'''

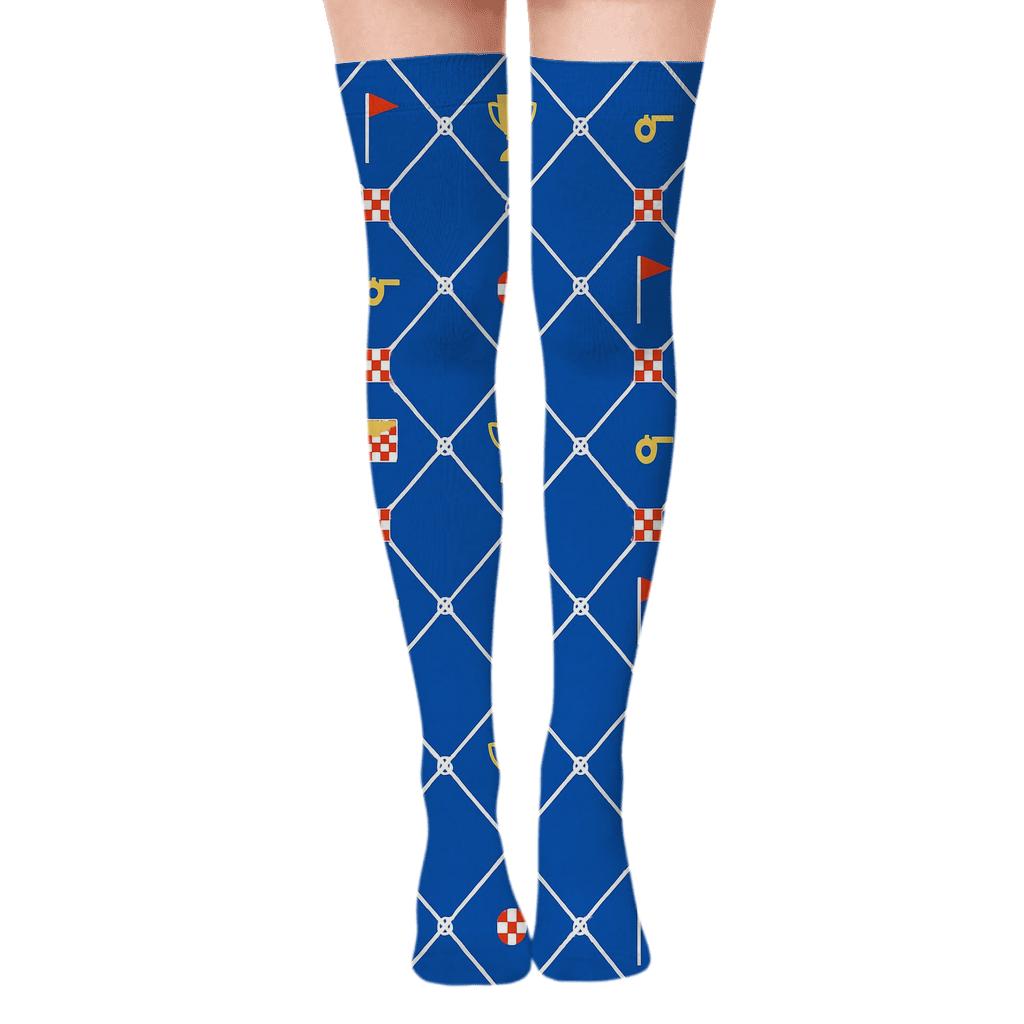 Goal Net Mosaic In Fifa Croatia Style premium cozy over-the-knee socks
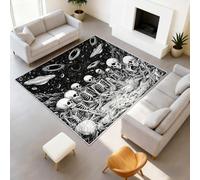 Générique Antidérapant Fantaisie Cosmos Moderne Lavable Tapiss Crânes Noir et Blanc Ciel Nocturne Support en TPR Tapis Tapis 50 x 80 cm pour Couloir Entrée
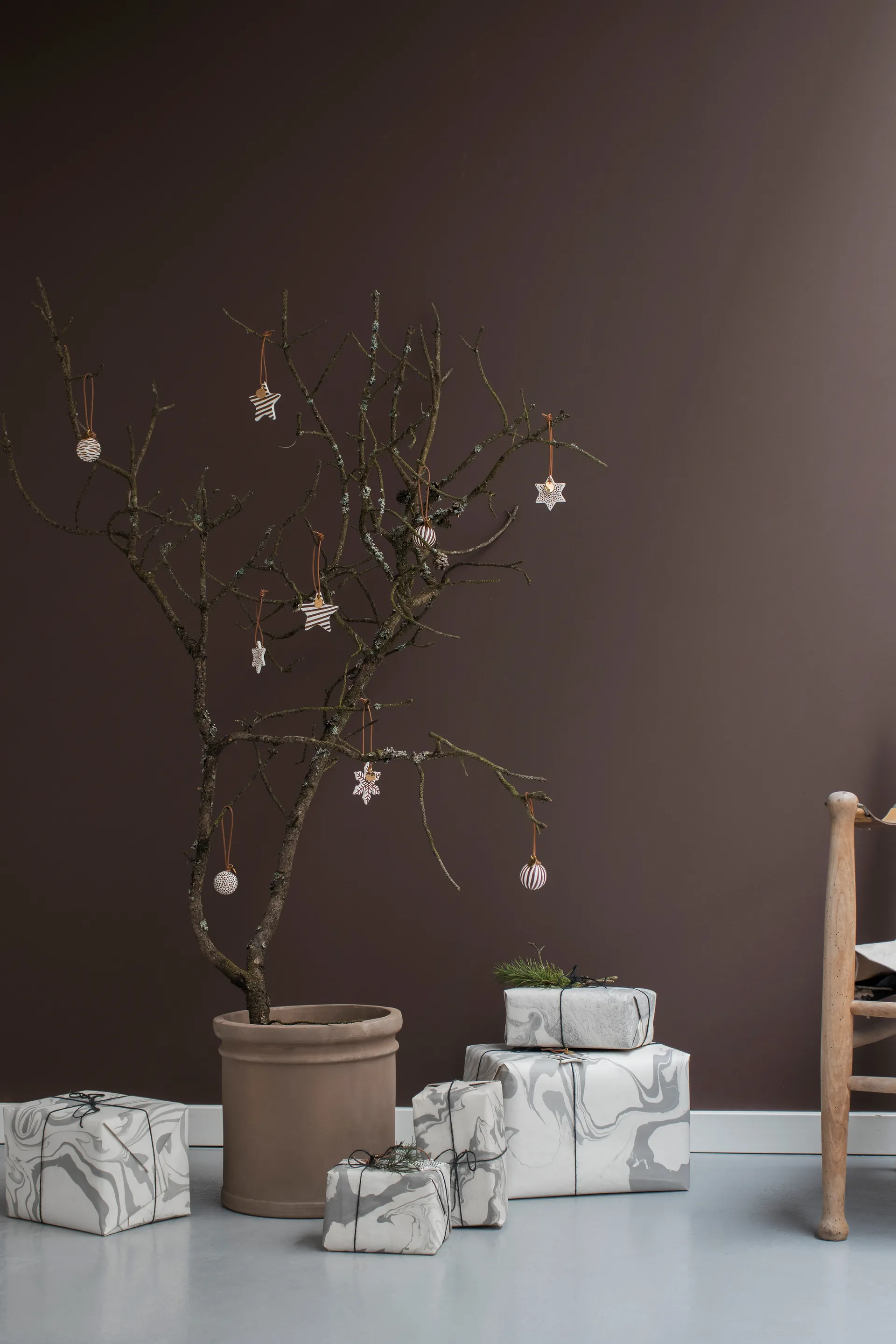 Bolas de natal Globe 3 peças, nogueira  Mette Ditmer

'''

*Assigned task*
Return all of the data exactly as written, and drop the pictures.

*Exercise output*
 Goal Net Mosaic In Fifa Croatia Style premium cozy over-the-knee socks
 Générique Antidérapant Fantaisie Cosmos Moderne Lavable Tapiss Crânes Noir et Blanc Ciel Nocturne Support en TPR Tapis Tapis 50 x 80 cm pour Couloir Entrée
 Bolas de natal Globe 3 peças, nogueira  Mette Ditmer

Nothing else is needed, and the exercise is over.